Costeley online includes a total of twenty-six sources: the two editions of Musique, thirteen first editions of anthologies with six of their revised reprints, two manuscripts, and three tablature sources. A few explanations are in order about some of these choices, which are linked in particular to the publishing context of the livres de chansons from the royal printers Le Roy and Ballard, whose practice regarding revised reprints is particularly complex (see Lesure & Thibault 1955 / BLRB, p. 24, on the probably very pragmatic reasons for this system, which "may seem inextricable to the scholar today"). Table 1 presents all the printed sources for Costeley's work. Its first column lists the sixteen editions that can be considered primary, that is to say (naturally) the first editions of a publication containing at least one work by Costeley, but also (more artificially) the first revised re-editions of a publication in which at least one work by Costeley has been added. The third column (Nb) indicates the number of Costeley pieces included in each of these publications. The fourth column lists the re-editions of the sixteen primary editions: those in bold with a hyperlink are the seven included in Costeley online, those in parentheses and italics are the revised re-editions no longer containing any works by Costeley, the rest being unchanged re-editions of the primary edition. Finally, a number in parentheses following a re-edition date indicates the number of Costeley works included in this revised edition, which differs from the number in the primary edition (3rd column).

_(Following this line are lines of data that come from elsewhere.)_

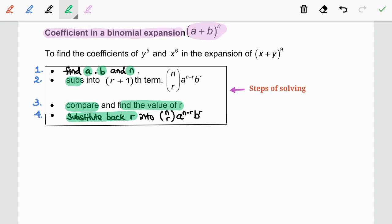Now, let us look at the question given. In this question, we are required to find the coefficients of y to the power of 5 and x to the power of 6 in the expansion of (x + y) to the power of 9.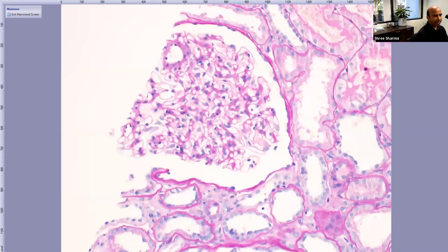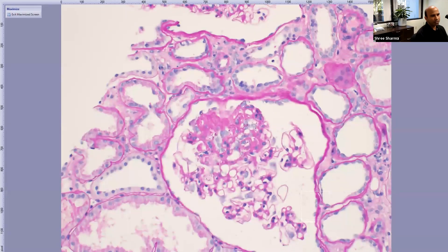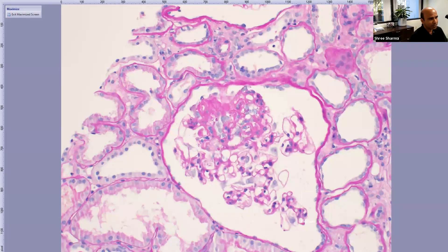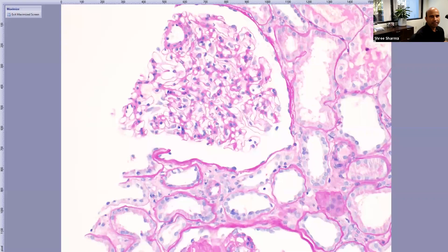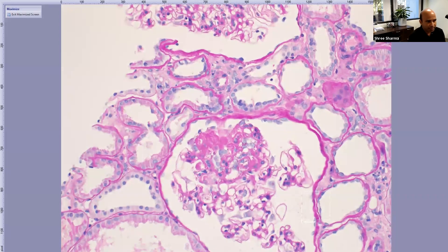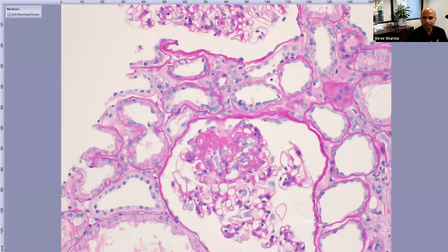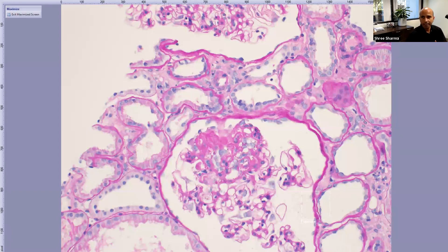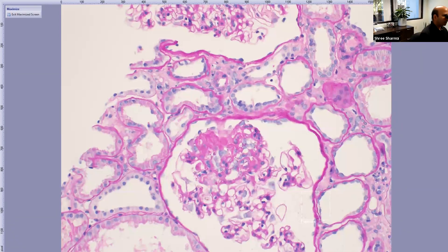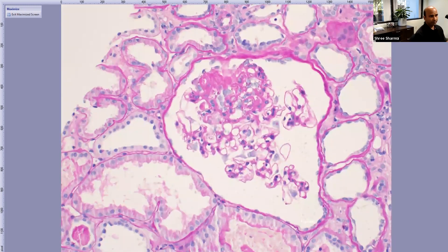In the next field of the same case, there is a lesion — the chat correctly identified FSGS. We have segmental sclerosis and glomerulomegaly: two findings in one case. This combination tells a story pointing toward adaptive FSGS, such as that seen in obesity or a solitary kidney where the kidney is struggling. Glomerulomegaly combined with segmental sclerosis = adaptive FSGS.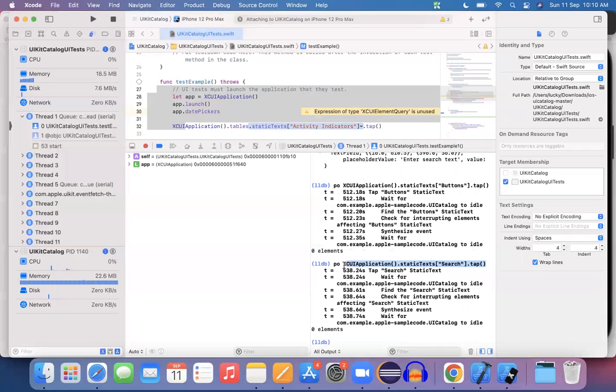This way of generating a program from debugging mode and executing it — we will see that as part of the next session. Thank you. Bye bye.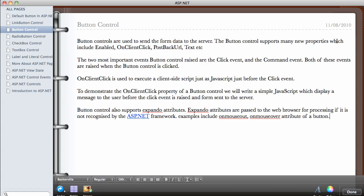The button control supports many properties, including 'Enabled'. You can enable or disable the button control — this is available in every ASP.NET control. You can set it to true or false. For example, if you don't want the user to click on the button until a checkbox is checked, you can disable the button and enable it once the user checks the terms and conditions.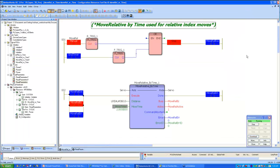This function block is useful in applications where time-based moves need to be commanded. It is a simple block to implement, with just distance and time as inputs, fired using an execute input.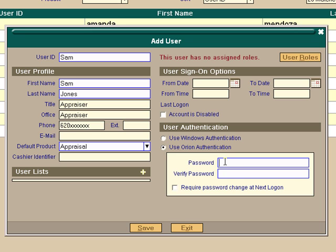And then you're going to assign this person a password. Different counties have different criteria for their passwords. Some are pretty free. Some of them have some specific criteria. This particular county requires one capital letter, one number, and one symbol such as an at sign or a dollar sign or a number sign. So we're going to just put in something like capital S-A-M and we'll put at 1234. Verify that again, capital S-A-M at 1234.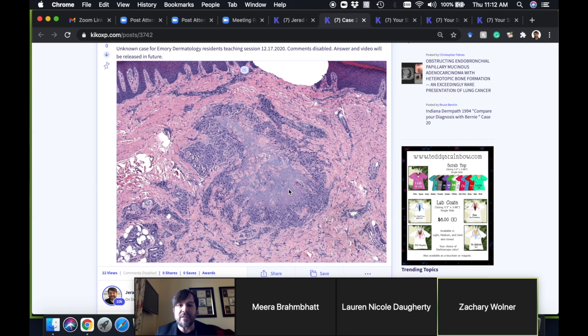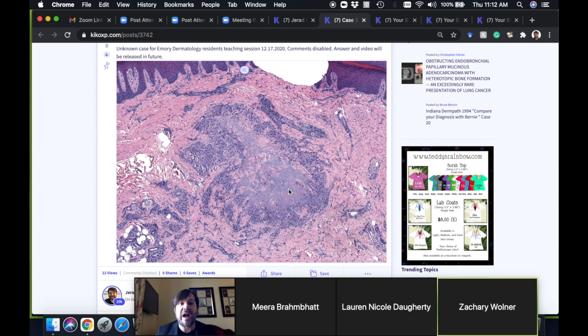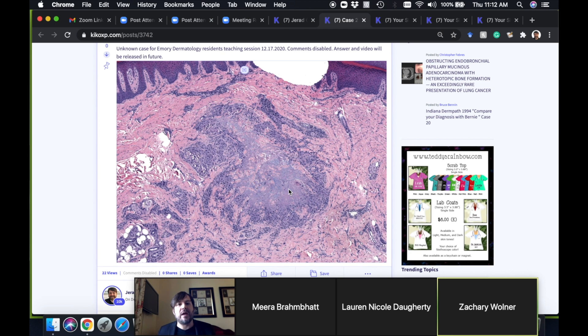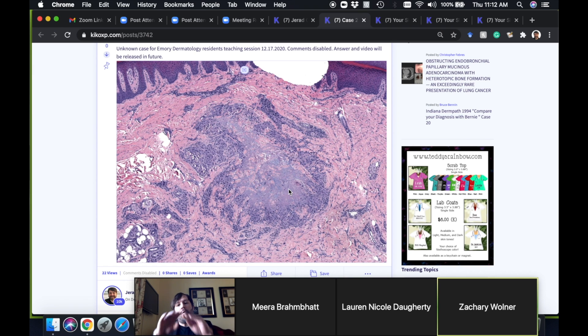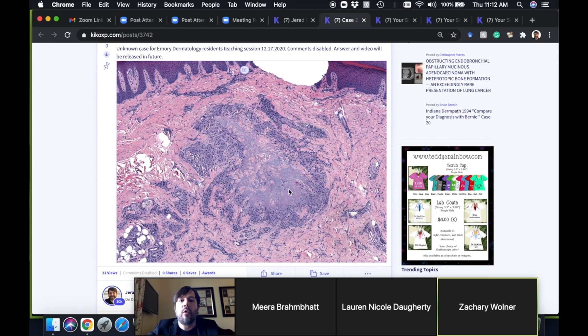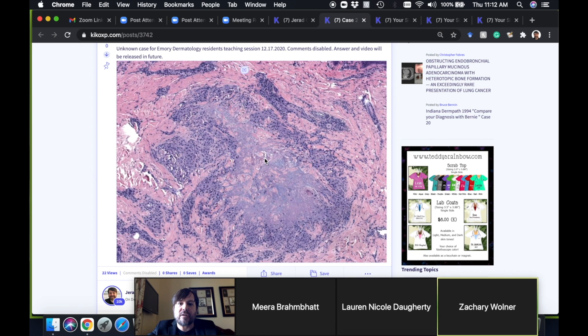They really run a wide range. They can go from being very subtle interstitial pattern where they trickle between collagen, all the way up to ones that are very well-formed palisades around a beautiful mucin-rich core of necrobiosis.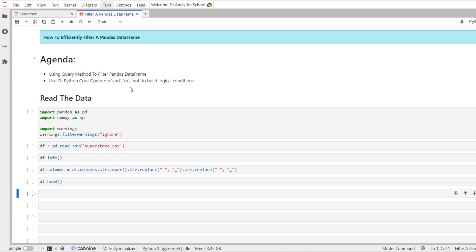Hi all, I'm Ankur Gupta. Hope all of you are doing well and welcome back to Analytics School. In the previous sessions, we had used Boolean Mask Indexing to filter our data frames and series based on their values. We created conditions involving comparison operators resulting in Boolean series and passed them to the square bracket notation or the loc indexer to filter our data.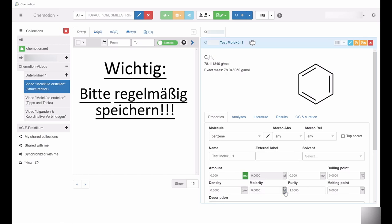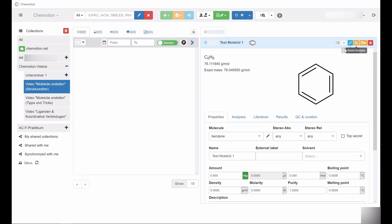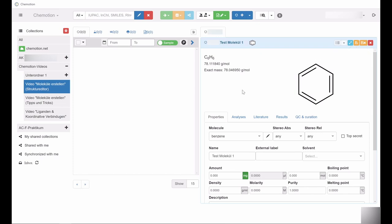Please note that you should save your progress regularly. When information is changed or added, the upper bar of the sample window features a light blue color. After saving, the color changes from light blue to dark blue.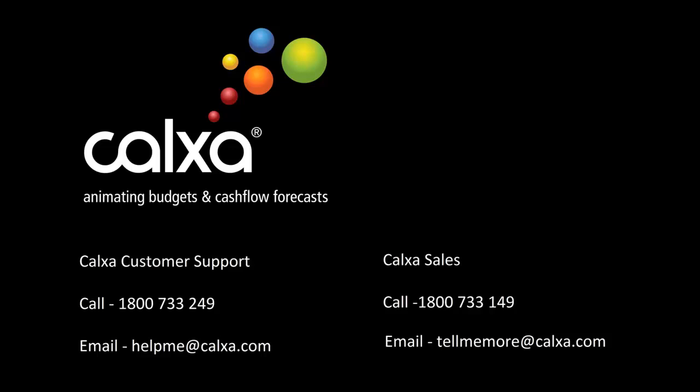For sales enquiries, please call 1800 733 149 or email tellmemore at calxa.com.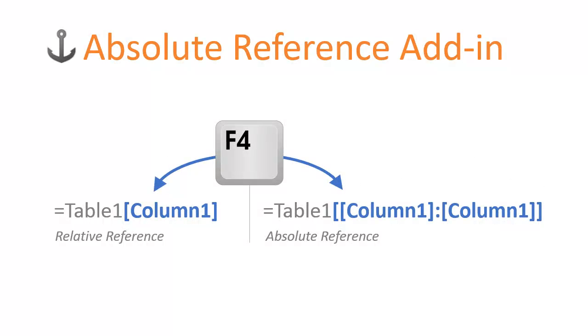Welcome to Excel Campus. In this video I'm going to demonstrate how the absolute reference add-in will save you lots of time by allowing you to use the F4 key on the keyboard to create absolute references in your formulas.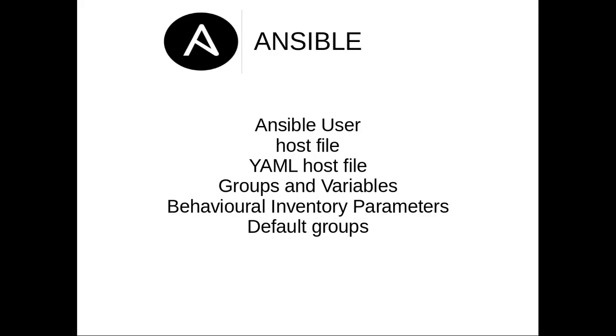So here are the topics I am going to discuss. Ansible user, host file, how can you create host file using YAML and groups and variables, behavioral inventory parameters, which are very important, then default groups.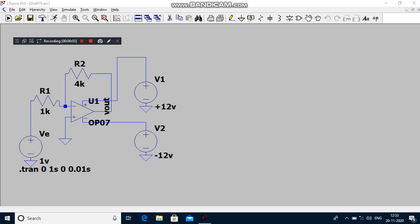Good morning students. Today I am going to explain proportional controller. Here we are using an inverting amplifier as a proportional controller. So what is meant by proportional controller? That means the output voltage is proportional to an error signal.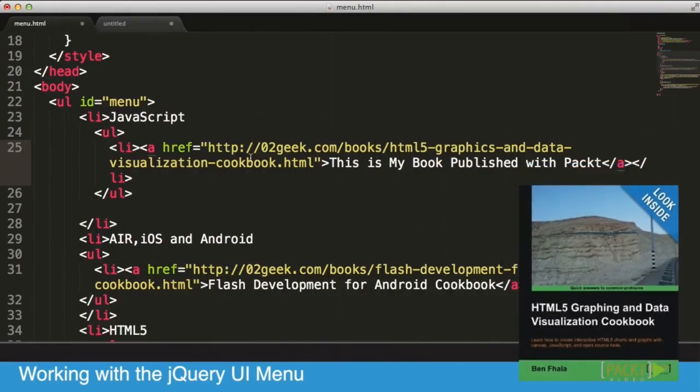In the link itself I can put whatever description I want. This is my book published with Packt. By the way, if you've enjoyed this title so far, I strongly recommend that you check my book, which is all about HTML5 graphics and graphing and data visualization cookbook.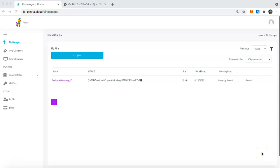Hello everyone, my name is Kyle Tutt with Pinata and we are the easiest way to use IPFS. In today's video I'm going to show you how to use our pin by CID feature so that you can take responsibility for your content on IPFS.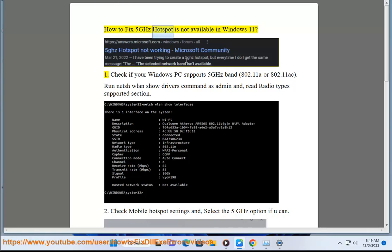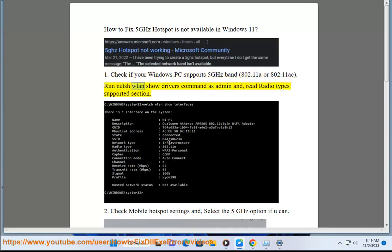How to fix 5GHz hotspot is not available in Windows 11. Step 1: Check if your Windows PC supports the 5GHz band — 802.11a or 802.11ac. Run the netsh wlan show drivers command as admin and read the radio types supported section.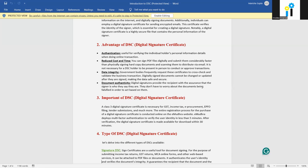The fourth advantage is document authenticity. Digital signatures provide authenticity for the document. Whenever the recipient signs any document, it ensures that the signature was done by the intended person. We do not need to worry about the document being falsified, because the authentication is verified through the personal information detail present in the DSC.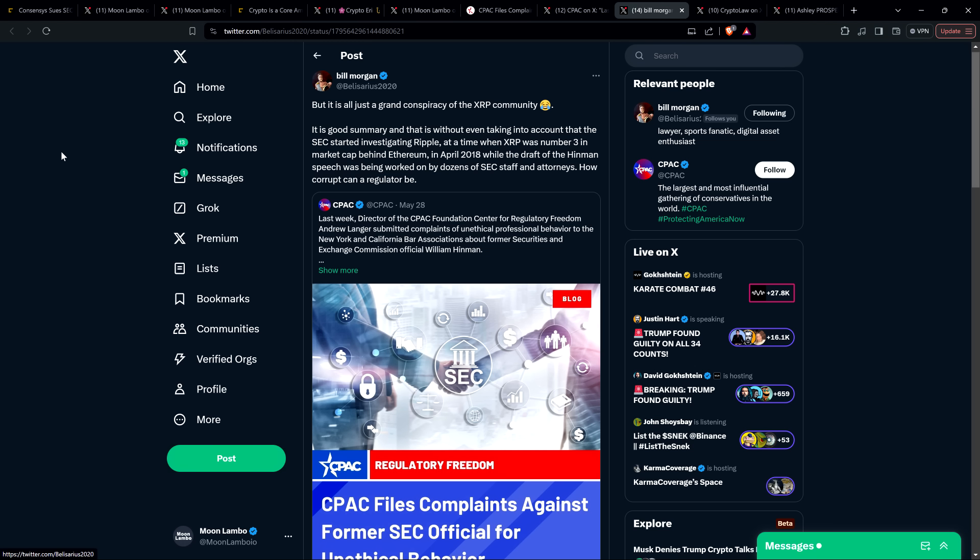But very predictably, the rest of the crypto space has flipped and now agrees with what the XRP community was saying at the end of 2020. This is an attack on all of us. Not just XRP holders, not just Ripple. We were right.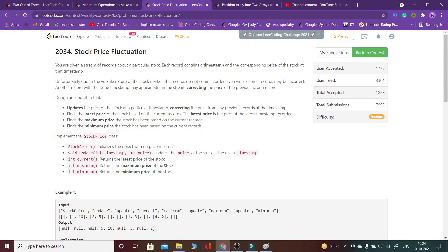Welcome back guys. Let's look at the third question — Stock Price Fluctuation — from LeetCode Weekly Contest 262. The question is: we are given a stream of records about a particular stock, and each record has a certain timestamp and the corresponding price at that time.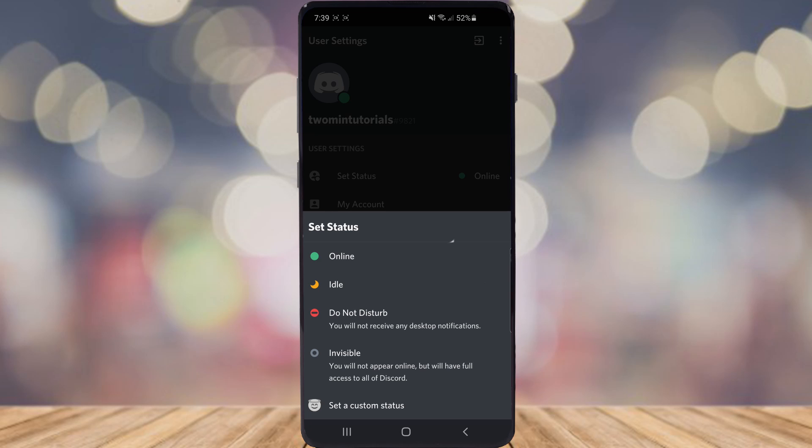You've got online, idle, do not disturb, invisible, and as you can see there at the bottom there's an option for set a custom status.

Table 1. Printed source of Costeley's works
This table provides a clear chronology of the diffusion of Costeley's songs, which started very gradually between 1554 and 1565, then accelerated until the publication of Musique in 1570, to dry up around 1580. Only three international publications prolonged the dissemination of three songs: two lute prints published in 1584 and 1598 (tablatures of songs nos. 2 and 6) and the very exceptional Livre septieme from the Phalèse press of Antwerp, which continued to include a single song by Costeley (no. 24) in all its re-editions from 1589 to 1613, and even in a re-edition of 1633.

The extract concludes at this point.